Restate word for word the lines of the entries below, starting with the line that holds "Camitattoo live sex cam" and ending with the line that holds "南前面道路は約６．５ｍ公道。見通しの良い道路環境でお子様の通学も安心です。", and no others.

↓

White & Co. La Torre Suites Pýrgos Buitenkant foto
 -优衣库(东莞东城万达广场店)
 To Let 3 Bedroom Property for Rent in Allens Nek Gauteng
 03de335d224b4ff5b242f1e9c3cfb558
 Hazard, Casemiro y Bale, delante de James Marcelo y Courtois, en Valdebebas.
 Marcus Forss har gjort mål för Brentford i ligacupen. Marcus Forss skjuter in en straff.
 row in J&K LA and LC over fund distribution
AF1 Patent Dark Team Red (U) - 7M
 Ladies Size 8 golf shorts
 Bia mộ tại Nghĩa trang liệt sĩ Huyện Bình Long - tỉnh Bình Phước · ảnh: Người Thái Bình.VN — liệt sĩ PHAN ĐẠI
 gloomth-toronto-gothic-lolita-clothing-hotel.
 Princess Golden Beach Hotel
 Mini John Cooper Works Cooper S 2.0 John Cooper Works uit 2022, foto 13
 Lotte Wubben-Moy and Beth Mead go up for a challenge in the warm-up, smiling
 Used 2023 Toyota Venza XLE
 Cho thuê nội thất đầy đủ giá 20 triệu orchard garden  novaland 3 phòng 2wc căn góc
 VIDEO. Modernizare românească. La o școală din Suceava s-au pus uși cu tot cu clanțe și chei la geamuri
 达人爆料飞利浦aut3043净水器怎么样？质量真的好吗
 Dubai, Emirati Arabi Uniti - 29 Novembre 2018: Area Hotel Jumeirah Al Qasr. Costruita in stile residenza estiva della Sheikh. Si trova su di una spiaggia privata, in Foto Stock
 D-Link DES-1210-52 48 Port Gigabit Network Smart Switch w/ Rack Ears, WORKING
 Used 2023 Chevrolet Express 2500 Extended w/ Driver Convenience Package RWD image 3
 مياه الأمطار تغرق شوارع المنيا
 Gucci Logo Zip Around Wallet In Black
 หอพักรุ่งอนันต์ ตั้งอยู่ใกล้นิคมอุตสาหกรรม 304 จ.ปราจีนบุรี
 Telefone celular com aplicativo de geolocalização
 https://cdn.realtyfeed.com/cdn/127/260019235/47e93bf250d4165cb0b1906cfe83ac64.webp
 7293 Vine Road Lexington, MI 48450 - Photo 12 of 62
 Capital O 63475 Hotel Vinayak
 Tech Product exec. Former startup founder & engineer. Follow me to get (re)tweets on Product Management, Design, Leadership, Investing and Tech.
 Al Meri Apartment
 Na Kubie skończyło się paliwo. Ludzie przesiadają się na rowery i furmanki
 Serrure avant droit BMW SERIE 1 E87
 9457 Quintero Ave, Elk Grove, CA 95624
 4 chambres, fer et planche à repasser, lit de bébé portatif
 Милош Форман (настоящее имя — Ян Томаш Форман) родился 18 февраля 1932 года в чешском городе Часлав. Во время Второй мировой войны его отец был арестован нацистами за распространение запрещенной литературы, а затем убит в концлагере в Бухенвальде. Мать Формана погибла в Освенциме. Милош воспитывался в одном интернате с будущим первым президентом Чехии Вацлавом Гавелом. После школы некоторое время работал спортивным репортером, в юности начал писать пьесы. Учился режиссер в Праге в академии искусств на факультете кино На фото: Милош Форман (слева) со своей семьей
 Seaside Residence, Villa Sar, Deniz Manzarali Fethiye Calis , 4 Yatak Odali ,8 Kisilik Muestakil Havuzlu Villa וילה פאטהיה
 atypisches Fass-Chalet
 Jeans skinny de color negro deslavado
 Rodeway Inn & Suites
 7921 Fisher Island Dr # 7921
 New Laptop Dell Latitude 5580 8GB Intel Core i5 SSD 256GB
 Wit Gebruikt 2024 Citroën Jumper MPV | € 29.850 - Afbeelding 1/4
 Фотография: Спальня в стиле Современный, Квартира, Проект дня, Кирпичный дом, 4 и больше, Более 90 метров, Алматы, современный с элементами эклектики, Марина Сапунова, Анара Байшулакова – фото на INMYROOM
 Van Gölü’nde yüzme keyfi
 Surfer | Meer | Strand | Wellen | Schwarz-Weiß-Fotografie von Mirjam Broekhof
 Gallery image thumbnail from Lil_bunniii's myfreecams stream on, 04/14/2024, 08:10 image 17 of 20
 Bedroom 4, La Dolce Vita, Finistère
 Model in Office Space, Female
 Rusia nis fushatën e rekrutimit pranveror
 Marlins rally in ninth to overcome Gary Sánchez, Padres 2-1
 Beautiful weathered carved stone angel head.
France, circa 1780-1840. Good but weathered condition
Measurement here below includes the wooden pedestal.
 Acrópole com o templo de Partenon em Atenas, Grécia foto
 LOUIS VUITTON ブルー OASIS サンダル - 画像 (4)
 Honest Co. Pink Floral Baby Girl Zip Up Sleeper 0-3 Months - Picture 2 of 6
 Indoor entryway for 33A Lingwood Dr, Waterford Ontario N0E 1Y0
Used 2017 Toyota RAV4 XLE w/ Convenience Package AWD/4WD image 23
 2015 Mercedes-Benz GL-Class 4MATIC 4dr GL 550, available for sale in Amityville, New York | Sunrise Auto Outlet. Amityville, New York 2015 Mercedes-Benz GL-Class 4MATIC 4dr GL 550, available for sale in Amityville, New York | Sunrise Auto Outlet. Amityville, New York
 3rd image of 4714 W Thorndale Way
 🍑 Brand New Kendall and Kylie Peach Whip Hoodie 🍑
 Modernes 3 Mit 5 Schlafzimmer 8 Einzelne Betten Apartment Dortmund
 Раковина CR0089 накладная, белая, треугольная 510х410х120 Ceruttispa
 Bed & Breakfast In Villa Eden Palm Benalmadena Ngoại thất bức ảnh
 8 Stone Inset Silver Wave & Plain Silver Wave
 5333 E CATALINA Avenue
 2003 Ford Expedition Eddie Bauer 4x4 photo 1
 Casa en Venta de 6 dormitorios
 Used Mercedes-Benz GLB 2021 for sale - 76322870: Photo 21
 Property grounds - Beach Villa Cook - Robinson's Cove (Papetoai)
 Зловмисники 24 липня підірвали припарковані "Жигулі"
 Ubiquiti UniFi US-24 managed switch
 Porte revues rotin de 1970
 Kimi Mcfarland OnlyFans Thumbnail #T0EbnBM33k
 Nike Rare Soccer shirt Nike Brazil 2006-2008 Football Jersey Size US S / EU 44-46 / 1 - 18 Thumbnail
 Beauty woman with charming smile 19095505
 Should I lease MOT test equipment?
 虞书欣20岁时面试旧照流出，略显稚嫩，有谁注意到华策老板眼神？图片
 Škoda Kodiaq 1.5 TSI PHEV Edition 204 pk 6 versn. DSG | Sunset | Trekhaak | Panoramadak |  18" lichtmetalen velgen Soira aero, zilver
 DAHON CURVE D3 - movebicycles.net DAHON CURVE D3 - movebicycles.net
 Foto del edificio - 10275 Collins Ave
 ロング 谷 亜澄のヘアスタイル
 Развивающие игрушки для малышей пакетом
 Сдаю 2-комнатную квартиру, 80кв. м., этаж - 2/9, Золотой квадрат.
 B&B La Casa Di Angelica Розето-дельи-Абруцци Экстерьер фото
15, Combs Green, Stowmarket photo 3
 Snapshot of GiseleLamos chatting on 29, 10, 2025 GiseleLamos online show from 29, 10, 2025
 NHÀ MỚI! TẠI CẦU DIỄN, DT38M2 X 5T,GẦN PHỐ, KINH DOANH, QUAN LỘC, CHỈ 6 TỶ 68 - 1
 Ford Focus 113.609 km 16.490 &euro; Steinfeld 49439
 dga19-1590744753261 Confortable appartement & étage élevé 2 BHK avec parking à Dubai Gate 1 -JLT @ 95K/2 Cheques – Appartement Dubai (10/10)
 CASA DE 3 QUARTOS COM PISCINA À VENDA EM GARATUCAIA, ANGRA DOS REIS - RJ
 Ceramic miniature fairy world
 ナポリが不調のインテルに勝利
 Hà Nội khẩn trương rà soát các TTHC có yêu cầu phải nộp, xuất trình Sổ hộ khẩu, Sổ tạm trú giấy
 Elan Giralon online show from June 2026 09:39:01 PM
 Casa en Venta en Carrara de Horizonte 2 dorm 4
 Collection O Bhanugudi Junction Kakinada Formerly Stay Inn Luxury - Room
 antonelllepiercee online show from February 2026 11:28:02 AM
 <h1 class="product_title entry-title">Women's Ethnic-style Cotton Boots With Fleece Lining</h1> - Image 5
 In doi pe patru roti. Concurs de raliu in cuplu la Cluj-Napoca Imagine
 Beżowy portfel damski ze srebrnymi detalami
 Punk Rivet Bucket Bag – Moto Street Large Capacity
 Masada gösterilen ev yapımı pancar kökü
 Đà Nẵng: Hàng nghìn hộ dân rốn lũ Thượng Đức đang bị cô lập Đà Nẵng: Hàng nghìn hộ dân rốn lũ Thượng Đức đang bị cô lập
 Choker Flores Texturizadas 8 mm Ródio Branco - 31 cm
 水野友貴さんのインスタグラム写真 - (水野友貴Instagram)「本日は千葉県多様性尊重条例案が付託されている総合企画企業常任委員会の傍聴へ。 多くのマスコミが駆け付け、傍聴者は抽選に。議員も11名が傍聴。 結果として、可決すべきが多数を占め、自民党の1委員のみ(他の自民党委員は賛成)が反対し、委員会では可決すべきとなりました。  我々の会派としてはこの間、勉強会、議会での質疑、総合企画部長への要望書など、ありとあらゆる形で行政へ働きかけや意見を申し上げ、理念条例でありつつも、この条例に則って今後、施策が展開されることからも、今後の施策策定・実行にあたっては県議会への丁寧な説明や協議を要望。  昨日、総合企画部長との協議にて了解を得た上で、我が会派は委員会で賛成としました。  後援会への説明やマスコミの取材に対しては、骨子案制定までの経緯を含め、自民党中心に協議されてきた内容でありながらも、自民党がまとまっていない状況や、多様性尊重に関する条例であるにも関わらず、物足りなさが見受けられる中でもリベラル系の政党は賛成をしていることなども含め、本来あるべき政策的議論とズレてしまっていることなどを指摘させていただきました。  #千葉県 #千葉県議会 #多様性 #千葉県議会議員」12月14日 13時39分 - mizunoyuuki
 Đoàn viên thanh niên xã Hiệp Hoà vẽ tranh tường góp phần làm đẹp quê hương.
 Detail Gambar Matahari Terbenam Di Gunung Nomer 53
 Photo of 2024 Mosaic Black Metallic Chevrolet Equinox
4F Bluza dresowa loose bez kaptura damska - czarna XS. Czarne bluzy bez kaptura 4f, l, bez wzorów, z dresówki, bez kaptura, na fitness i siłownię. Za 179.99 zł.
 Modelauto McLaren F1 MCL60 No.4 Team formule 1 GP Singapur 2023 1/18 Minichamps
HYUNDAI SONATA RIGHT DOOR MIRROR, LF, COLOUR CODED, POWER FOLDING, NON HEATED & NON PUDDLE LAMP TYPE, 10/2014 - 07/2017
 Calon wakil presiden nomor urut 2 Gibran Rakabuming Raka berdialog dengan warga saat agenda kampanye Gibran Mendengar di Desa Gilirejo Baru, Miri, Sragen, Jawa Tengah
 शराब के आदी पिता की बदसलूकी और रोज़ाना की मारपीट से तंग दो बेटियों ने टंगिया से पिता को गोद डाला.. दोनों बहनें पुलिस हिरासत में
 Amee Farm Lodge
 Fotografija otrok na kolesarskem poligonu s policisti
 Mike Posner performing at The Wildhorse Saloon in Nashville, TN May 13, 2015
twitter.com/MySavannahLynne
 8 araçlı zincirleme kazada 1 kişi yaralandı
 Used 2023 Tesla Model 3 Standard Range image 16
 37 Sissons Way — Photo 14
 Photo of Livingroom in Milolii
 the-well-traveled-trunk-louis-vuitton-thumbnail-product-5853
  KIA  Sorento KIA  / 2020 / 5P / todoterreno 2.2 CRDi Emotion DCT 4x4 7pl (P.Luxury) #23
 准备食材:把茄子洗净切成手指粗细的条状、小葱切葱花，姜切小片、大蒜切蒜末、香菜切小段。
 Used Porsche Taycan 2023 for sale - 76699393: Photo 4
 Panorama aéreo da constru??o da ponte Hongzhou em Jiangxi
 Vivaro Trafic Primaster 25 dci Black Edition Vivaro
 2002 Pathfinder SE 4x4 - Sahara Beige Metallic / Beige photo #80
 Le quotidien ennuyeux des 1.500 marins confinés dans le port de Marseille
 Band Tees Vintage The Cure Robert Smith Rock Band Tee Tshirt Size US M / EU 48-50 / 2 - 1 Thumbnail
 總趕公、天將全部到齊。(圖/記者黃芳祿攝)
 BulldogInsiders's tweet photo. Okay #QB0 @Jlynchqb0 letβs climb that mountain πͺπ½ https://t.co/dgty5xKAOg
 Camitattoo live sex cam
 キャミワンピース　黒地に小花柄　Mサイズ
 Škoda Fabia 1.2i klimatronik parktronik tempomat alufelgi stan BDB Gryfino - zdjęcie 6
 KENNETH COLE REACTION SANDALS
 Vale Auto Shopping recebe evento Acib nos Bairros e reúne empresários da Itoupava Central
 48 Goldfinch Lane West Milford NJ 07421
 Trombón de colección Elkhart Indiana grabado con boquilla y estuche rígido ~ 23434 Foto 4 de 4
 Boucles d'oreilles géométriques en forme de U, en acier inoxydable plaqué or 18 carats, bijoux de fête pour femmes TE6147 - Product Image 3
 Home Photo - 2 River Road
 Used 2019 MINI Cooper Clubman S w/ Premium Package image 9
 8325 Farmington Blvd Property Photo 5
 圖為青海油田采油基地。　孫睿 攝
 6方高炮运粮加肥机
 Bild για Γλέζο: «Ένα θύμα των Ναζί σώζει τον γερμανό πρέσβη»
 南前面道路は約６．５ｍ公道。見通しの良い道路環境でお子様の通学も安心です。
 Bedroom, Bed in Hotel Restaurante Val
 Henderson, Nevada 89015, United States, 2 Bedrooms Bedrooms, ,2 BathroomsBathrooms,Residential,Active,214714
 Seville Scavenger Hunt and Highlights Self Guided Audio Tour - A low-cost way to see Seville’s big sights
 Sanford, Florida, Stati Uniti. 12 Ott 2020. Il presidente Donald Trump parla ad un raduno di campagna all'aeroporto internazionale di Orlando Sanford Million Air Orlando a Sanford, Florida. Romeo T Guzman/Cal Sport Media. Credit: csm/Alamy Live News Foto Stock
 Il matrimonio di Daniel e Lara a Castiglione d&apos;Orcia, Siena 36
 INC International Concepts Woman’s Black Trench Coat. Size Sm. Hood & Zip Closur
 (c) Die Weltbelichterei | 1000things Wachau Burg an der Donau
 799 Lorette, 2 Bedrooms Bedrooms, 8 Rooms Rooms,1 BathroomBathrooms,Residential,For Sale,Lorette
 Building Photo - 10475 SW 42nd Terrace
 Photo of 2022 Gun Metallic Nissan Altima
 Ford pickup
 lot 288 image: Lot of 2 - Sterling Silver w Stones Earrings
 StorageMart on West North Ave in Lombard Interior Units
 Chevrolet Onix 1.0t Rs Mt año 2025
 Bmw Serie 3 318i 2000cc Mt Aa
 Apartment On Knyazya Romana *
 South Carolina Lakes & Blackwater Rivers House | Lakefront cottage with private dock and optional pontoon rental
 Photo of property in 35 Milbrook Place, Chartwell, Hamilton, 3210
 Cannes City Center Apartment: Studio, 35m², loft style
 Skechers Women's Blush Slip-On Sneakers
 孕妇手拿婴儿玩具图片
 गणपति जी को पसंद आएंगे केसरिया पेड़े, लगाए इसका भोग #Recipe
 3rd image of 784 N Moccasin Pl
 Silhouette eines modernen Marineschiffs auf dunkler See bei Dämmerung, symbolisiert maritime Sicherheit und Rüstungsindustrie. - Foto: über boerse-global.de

↑

* Solved problem *
 Camitattoo live sex cam
 キャミワンピース　黒地に小花柄　Mサイズ
 Škoda Fabia 1.2i klimatronik parktronik tempomat alufelgi stan BDB Gryfino - zdjęcie 6
 KENNETH COLE REACTION SANDALS
 Vale Auto Shopping recebe evento Acib nos Bairros e reúne empresários da Itoupava Central
 48 Goldfinch Lane West Milford NJ 07421
 Trombón de colección Elkhart Indiana grabado con boquilla y estuche rígido ~ 23434 Foto 4 de 4
 Boucles d'oreilles géométriques en forme de U, en acier inoxydable plaqué or 18 carats, bijoux de fête pour femmes TE6147 - Product Image 3
 Home Photo - 2 River Road
 Used 2019 MINI Cooper Clubman S w/ Premium Package image 9
 8325 Farmington Blvd Property Photo 5
 圖為青海油田采油基地。　孫睿 攝
 6方高炮运粮加肥机
 Bild για Γλέζο: «Ένα θύμα των Ναζί σώζει τον γερμανό πρέσβη»
 南前面道路は約６．５ｍ公道。見通しの良い道路環境でお子様の通学も安心です。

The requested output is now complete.